> Problem to solve: The lines wanted are those from the one containing "Casquette Flex Fit" to the last line of the entries below; output them exactly, leaving out pictures.

> Information provided:
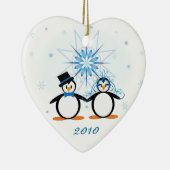 冬のウエディングペンギンのカスタマイズ可能なオーナメント セラミックオーナメント (右)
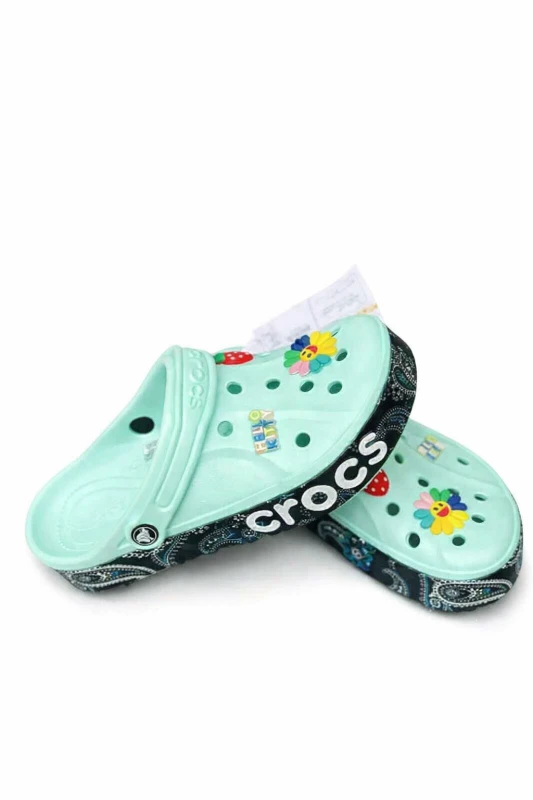 Crocs  Estilo Casual com Jibbitz Personalizados
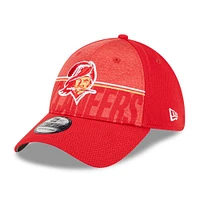 Casquette Flex Fit New Era Tampa Bay Buccaneers 2023 NFL Training Camp Throwback 39THIRTY pour homme, rouge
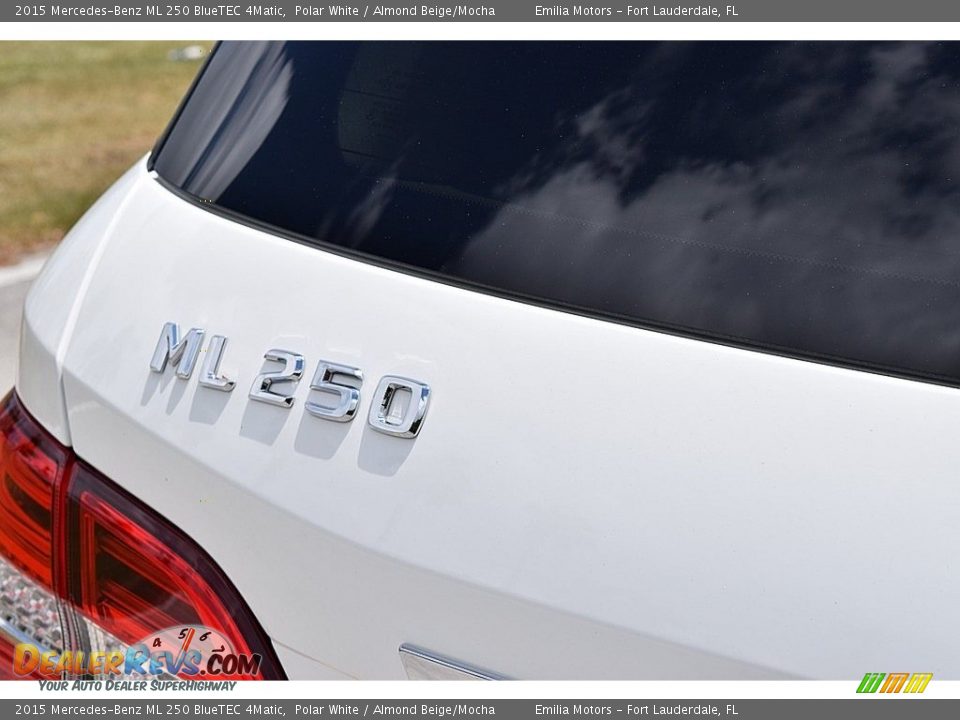 2015 Mercedes-Benz ML 250 BlueTEC 4Matic Polar White / Almond Beige/Mocha Photo #14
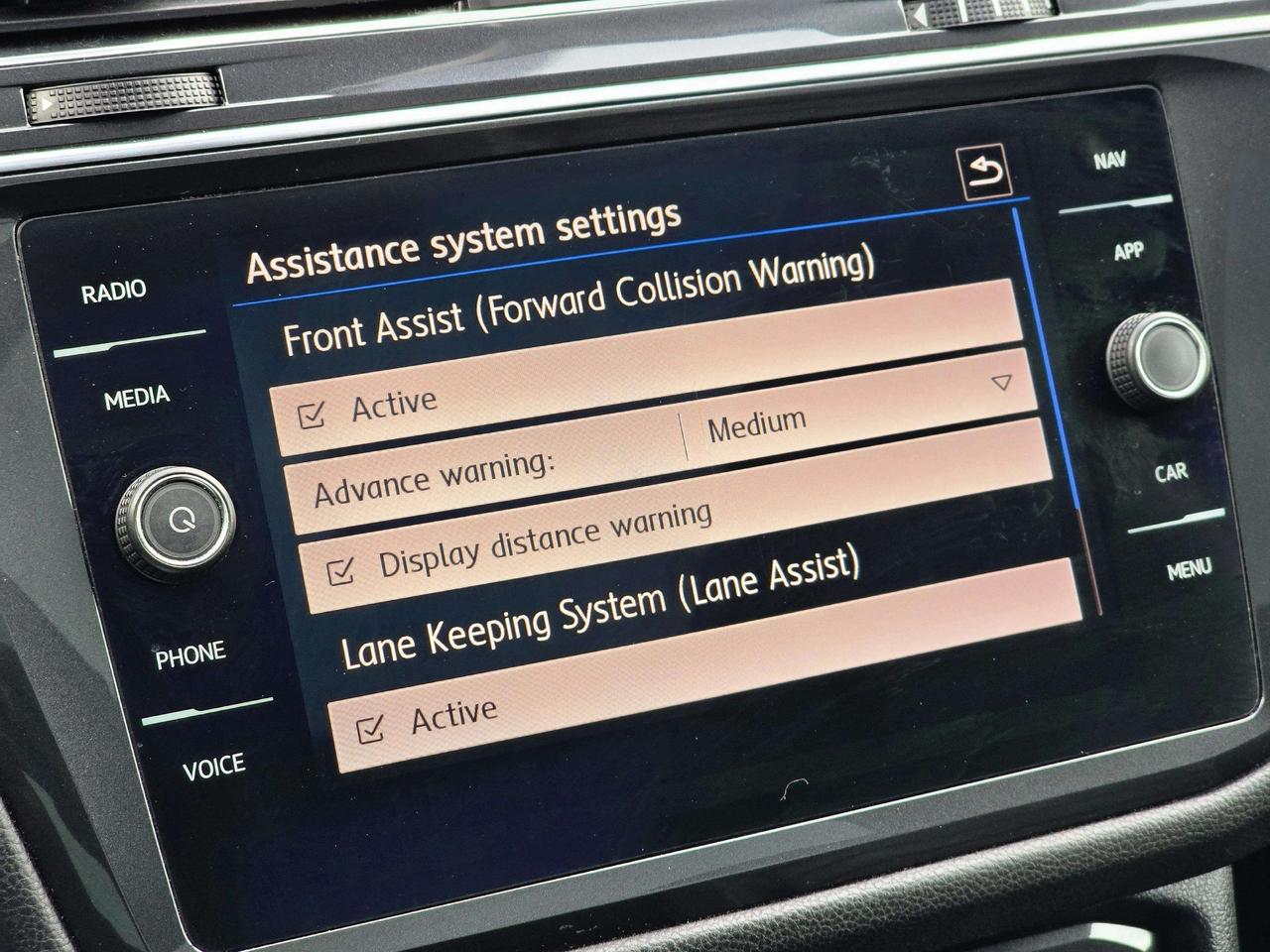 2018 Volkswagen Tiguan Highline 7-Passenger | No Accidents! Photo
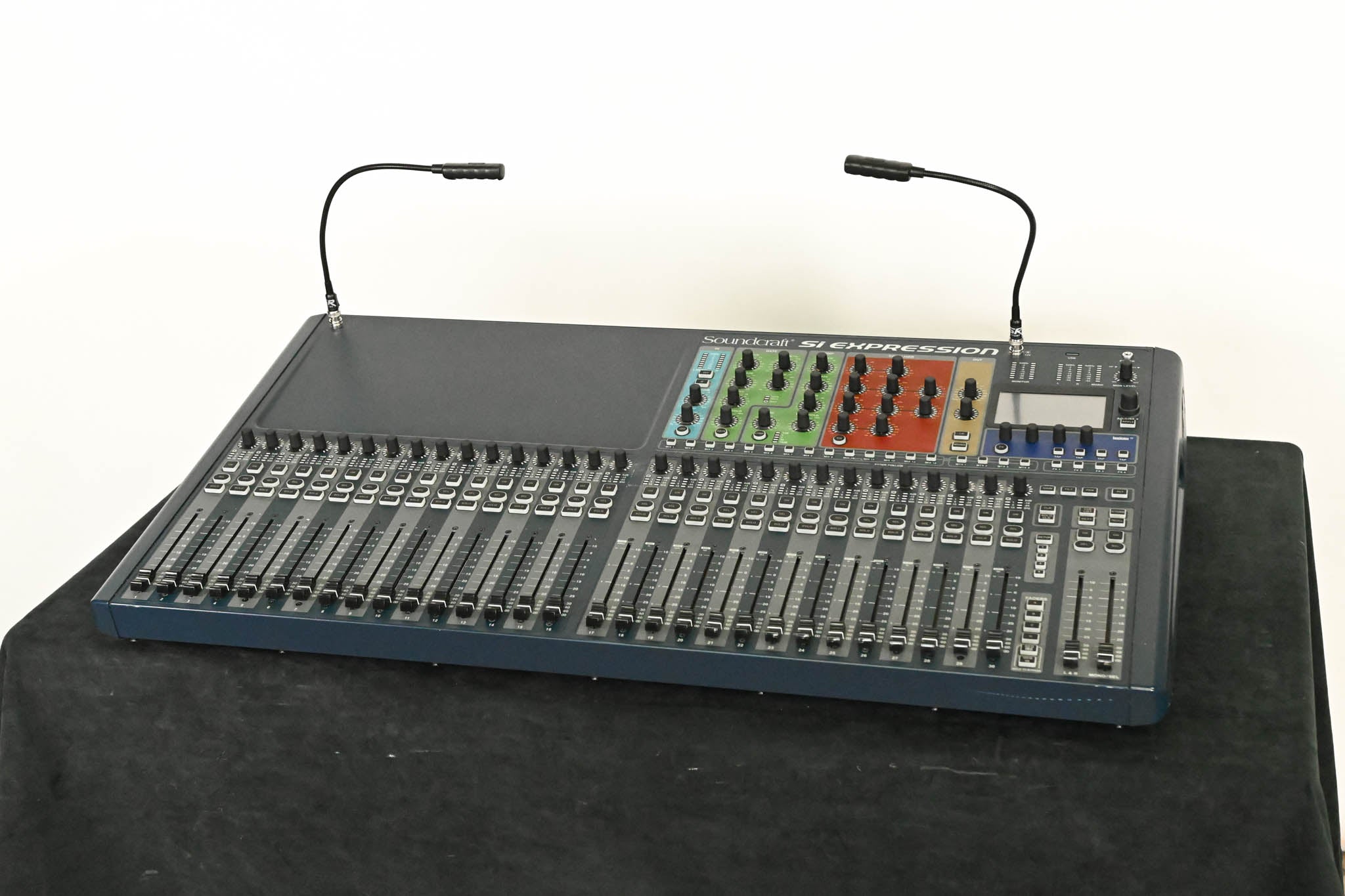 Soundcraft Si Expression 3 32-Channel Digital Mixer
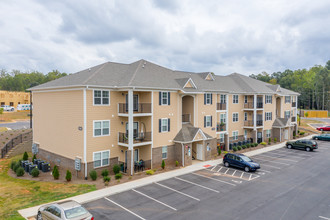 The Gates at Highland in Hickory, NC - Building Photo - Building Photo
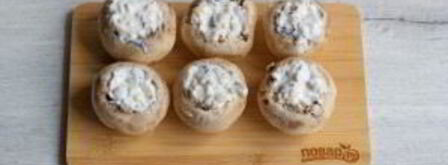 фаршированные шампиньоны шикарные. Шаг 9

> Written response:
 Casquette Flex Fit New Era Tampa Bay Buccaneers 2023 NFL Training Camp Throwback 39THIRTY pour homme, rouge
 2015 Mercedes-Benz ML 250 BlueTEC 4Matic Polar White / Almond Beige/Mocha Photo #14
 2018 Volkswagen Tiguan Highline 7-Passenger | No Accidents! Photo
 Soundcraft Si Expression 3 32-Channel Digital Mixer
 The Gates at Highland in Hickory, NC - Building Photo - Building Photo
 фаршированные шампиньоны шикарные. Шаг 9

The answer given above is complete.